As a rule of thumb: if you’re nesting subqueries more than two levels deep, refactor to CTEs. If you find yourself copying the same subquery multiple times, use a CTE.

Best Practices and Common Pitfalls

Avoid scalar subqueries in SELECT that execute per row:

-- Anti-pattern: subquery runs for every row
SELECT 
    name,
    salary,
    (SELECT AVG(salary) FROM employees WHERE department_id = e.department_id) AS dept_avg
FROM employees e;

-- Better: calculate once with CTE
WITH department_averages AS (
    SELECT department_id, AVG(salary) AS avg_salary
    FROM employees
    GROUP BY department_id
)
SELECT 
    e.name,
    e.salary,
    da.avg_salary AS dept_avg
FROM employees e
JOIN department_averages da ON e.department_id = da.department_id;

Name your CTEs descriptively. cte1, temp, or x are useless. Use names like active_customers, monthly_revenue, or filtered_orders that explain what the CTE contains.

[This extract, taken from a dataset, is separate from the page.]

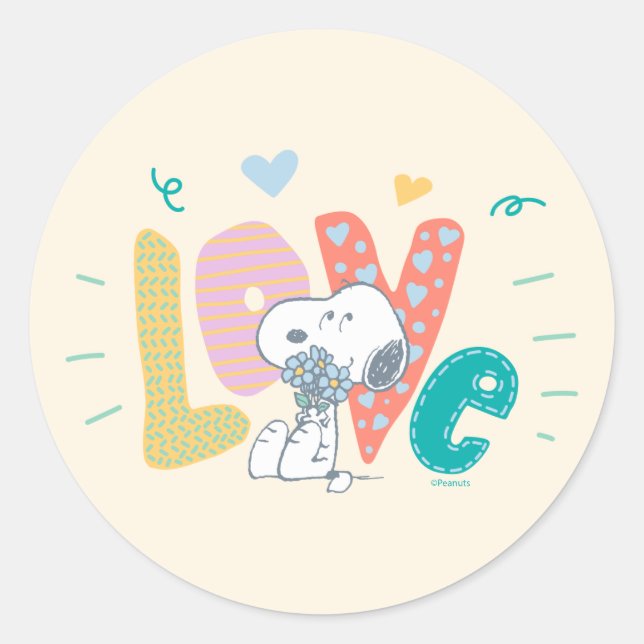 Sticker Rond cacahuètes | Snoopy Flower Love (Devant)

Remember that SQLite doesn’t support materialization hints like PostgreSQL’s MATERIALIZED. You can’t force SQLite to compute and store a CTE result. The optimizer decides. If you need guaranteed materialization, create a temporary table:

CREATE TEMP TABLE department_averages AS
SELECT department_id, AVG(salary) AS avg_salary
FROM employees
GROUP BY department_id;

-- Use the temp table in subsequent queries
SELECT e.name, e.salary
FROM employees e
JOIN department_averages da ON e.department_id = da.department_id
WHERE e.salary > da.avg_salary;

DROP TABLE department_averages;

For recursive CTEs, always include a termination condition to prevent infinite loops. Limit recursion depth if you’re unsure about your data structure.

Choose the right tool for your specific situation. Simple queries don’t need CTEs. Complex queries become unmaintainable with deeply nested subqueries. Write code that the next developer (or future you) can understand and modify confidently.